O PS não devia recuperar o tema da introdução da condição de recursos nos complementos sociais no regime não contributivo, as chamadas pensões mínimas? Há pessoas que recebem estes complementos tendo outras fontes de rendimento?
É um debate que tem de se fazer. Nalguns casos, já são reduzidas essas possibilidades quando essas pensões são acumuladas com pensões obtidas no estrangeiro, o que é um número significativo, mas é um debate que a sociedade portuguesa tem de fazer, ainda não o fez. Nós tínhamos objetivos para esta legislatura e eles estão, em grande parte, cumpridos, mas há outros, como essa reflexão que terá de ser exigente, terá de ser sempre uma reflexão para o futuro e não para o passado. Nós assumimos um compromisso sólido que não vamos falhar, que foi o de não haver cortes nas pensões em pagamento, portanto aquilo que possamos vir a fazer nesse aspeto, que é um pouco técnico, terá de ser sempre na perspetiva do futuro.
Também não nos podemos esquecer de que a crise que vivemos foi longa, veio interromper muitas carreiras e, nesses casos, vai ter consequências negativas nalgumas pensões do futuro.
O senhor tem nas mãos a área da governação com maior potencial de desgaste entre o PS e os seus parceiros de esquerda. Sente, de alguma forma, que pode começar a haver no próprio PS a tentação de abrir uma crise e avançar para eleições antes do momento previsto?
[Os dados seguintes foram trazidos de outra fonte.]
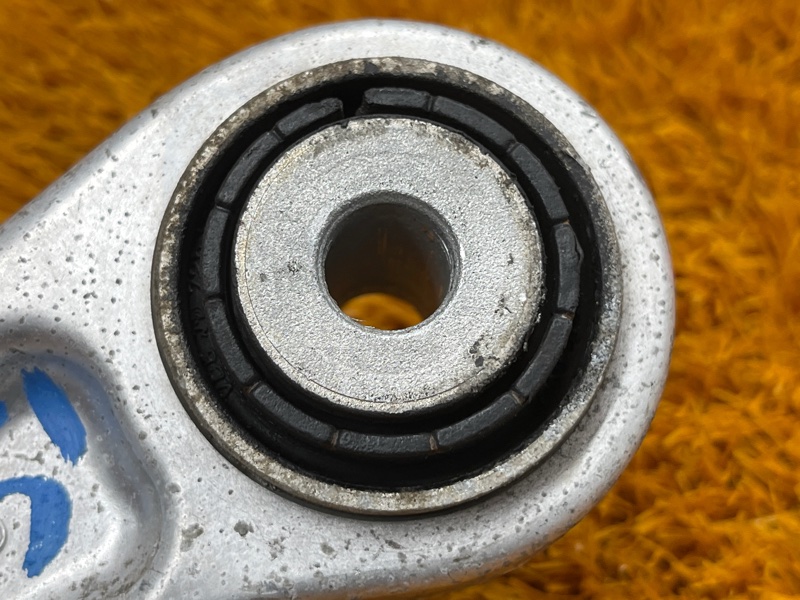 Рычаг подвески верхний, 1000 рублей, Красноярск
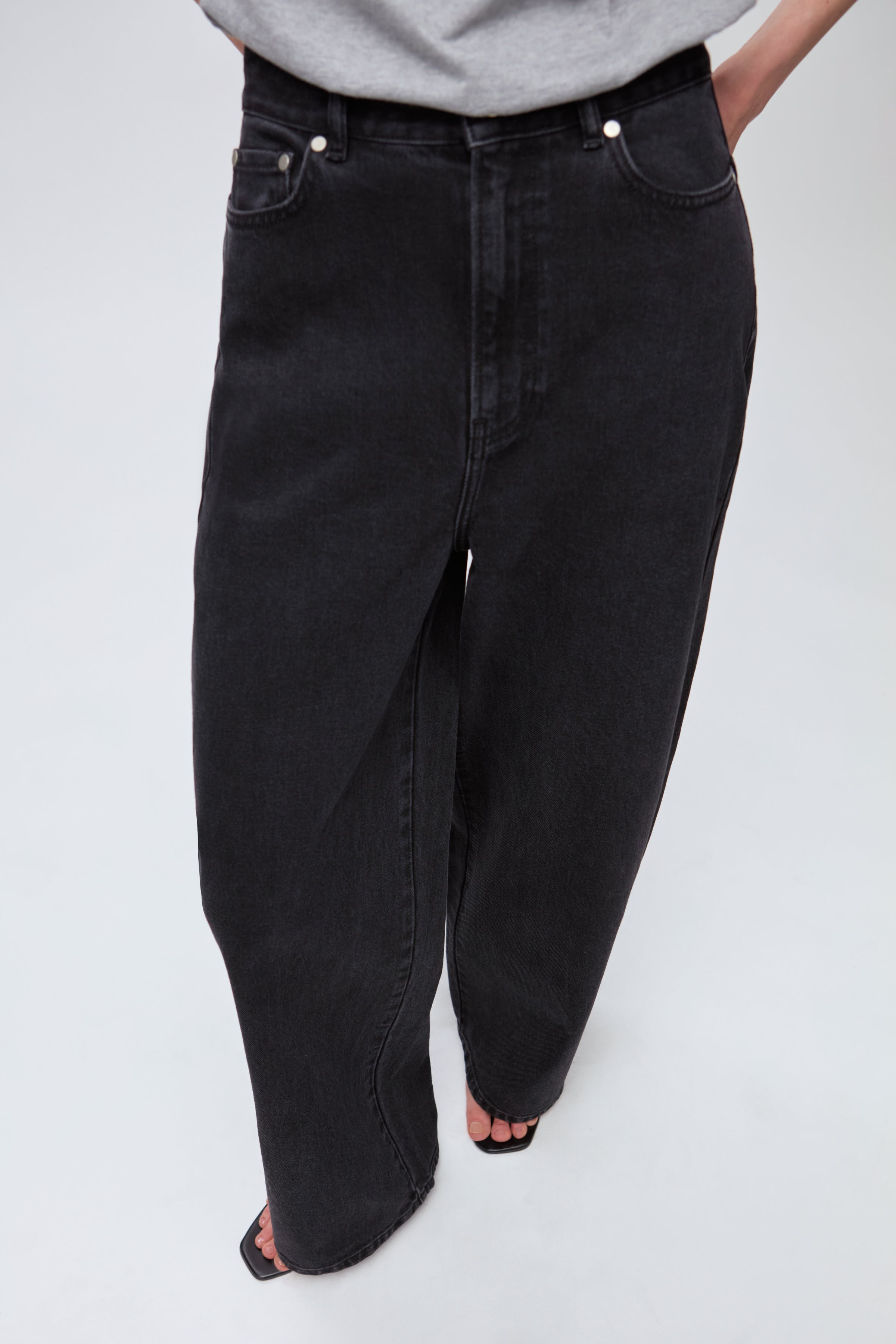 IOPanna Jeans LOOKBOOK FRONT 30600161-BK999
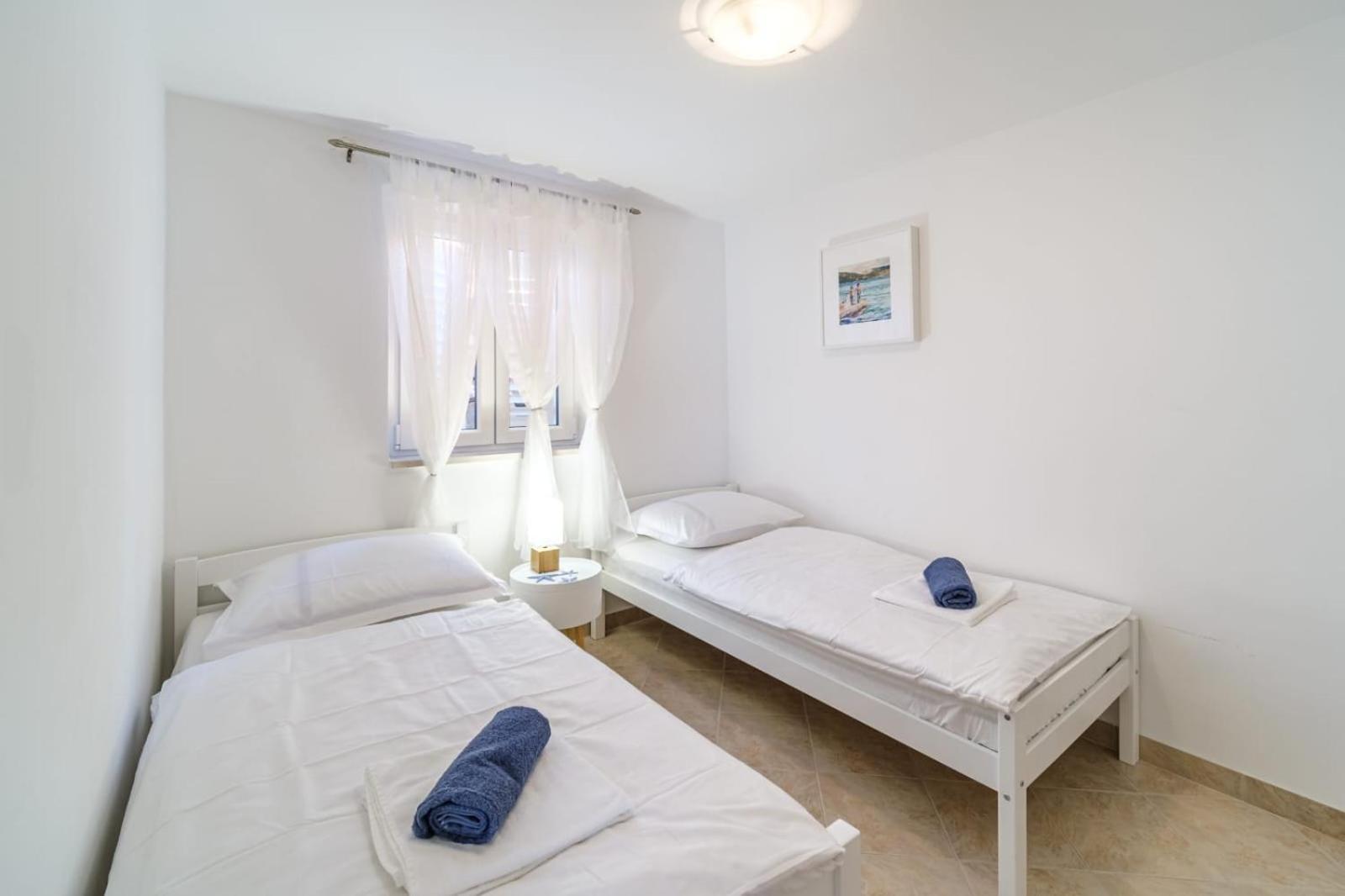 Apartmani P&S Supetar Kültér fotó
Não, sinceramente não sinto isso. Já uma vez disse que os portugueses estão muito atentos à situação política, social e económica em Portugal; se virmos os estudos de opinião vemos que os portugueses estão atentos aos problemas do desemprego, do sistema de pensões, da saúde, mas também ao equilíbrio das contas públicas. A experiência que vivemos, a dureza da crise que vivemos, o facto de termos exigências muito difíceis por fazermos parte da zona euro - temos vantagens, mas temos responsabilidade muito pesadas - faz com que as pessoas estejam muito atentas e, a meu ver, seja muito difícil aceitarem a criação de crises numa ótica taticista, numa ótica de "se agora houver uma crise e houver eleições, eu ganho com isso". Já houve alturas em que esse pensamento era facilmente usado, por menor atenção das pessoas, hoje, os eleitores portugueses são muito exigentes a esse respeito, e estão à espera que esta legislatura termine e termine nesta lógica de compromissos que se cumprem, de tentativa de chegar a consensos, a acordos, de não desistência, de reforço da nossa posição externa. Essas são as linhas desta mudança e julgo que os portugueses querem que esta experiência chegue ao fim e depois farão a sua avaliação, e nós também, todos faremos essa avaliação.
Este caminho que percorremos, também do ponto de vista político, é um caminho que tem obviamente dificuldades, conhecendo as diferenças entre os partidos, mas tem conduzido a bons resultados. Caminhos com bons resultados, com boas saídas, são caminhos que não devem ser questionados de forma leviana, devem ser avaliados na sua potencialidade e valorizados quando correspondem àquilo que a maioria dos portugueses acha serem as escolhas mais corretas para o seu futuro.